Lucy, 2 of yours would be the pressure plug and the weight. I forgot to mention that ones with the weights acts as pressure releases too. My All American is built like that too. Too much pressure they will actually "lift" and release steam pressure.

Your 3rd one would either be that you have one the big gasket lid release things (which will actually flop the gasket to the side if too much pressure builds up, thus breaking the seal; or your dial coupling will melt open. The alloy they use looks just like the rest of the lid, so it's hard to tell by looking at it.

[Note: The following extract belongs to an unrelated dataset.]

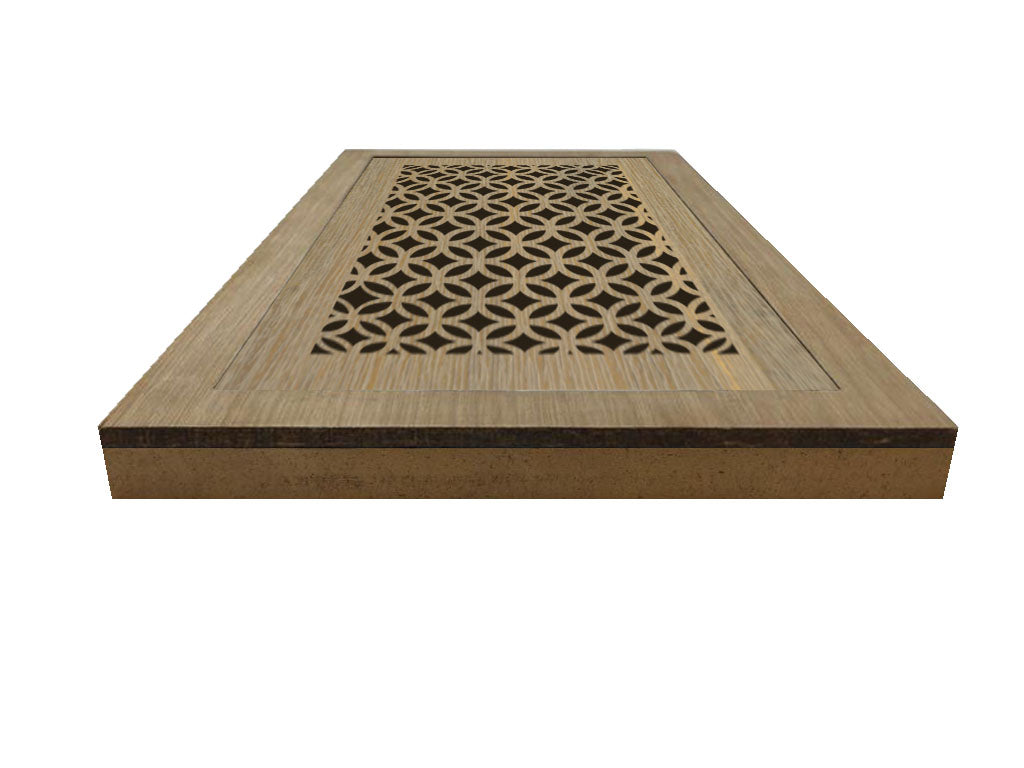 3D Circular - Vent Cover Wood flush registers (new construction)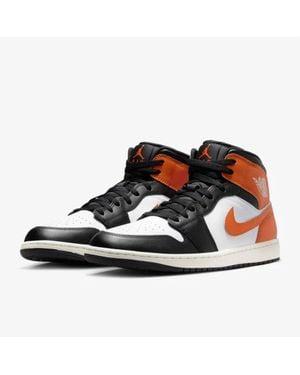 Nike Air Jordan 1 Mid Dq8426-801 Sneaker Leather Lifestyle Shoe Mew826 - Blue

You can usually tell from under the lid better.

You are right about the All American -- they are HEAVY! I use to have a hard time getting all the clamps screwed down evenly, but after about the 6 canner full, I got the hang of it and wonder why I had such a hard time.


----------



## Lucy (May 15, 2006)

Part of my problem with the AA canners is that I am short, so trying to stand and tighten them down is hard for me to reach. 
My Prestos are the ones I got the weight sets for, so I still have the dial on them, too. I don't even bother to test my own gauges.


----------



## Roadking (Oct 8, 2009)

Thank you all for the advice and knowledge...looks like I have some hunting and the wife has some shopping to do!
Matt


----------



## Roadking (Oct 8, 2009)

Just picked up a Presto 16 qt. presure canner/cooker today...should make for an interesting week! When we begin and results will be posted...Thanks for all the info. DW also sends her thanks.
Matt


----------



## laughaha (Mar 4, 2008)

I love my prestos! I hope you do too! Happy Canning!


----------



## mekasmom (Jan 19, 2010)

I have presto canners too. Love them. I prefer the weights over a guage, but everyone has different ideas.

My DIL cans on her glass top stove. They all live through it, stove lives, PC lives, and the people who eat the food live.


----------



## Rockytopsis (Dec 29, 2007)

Roadking
You might check with your county extension agent, ours offers a canning course once a year. Even though I had been canning for a long time it was fun and interesting.
Nancy


----------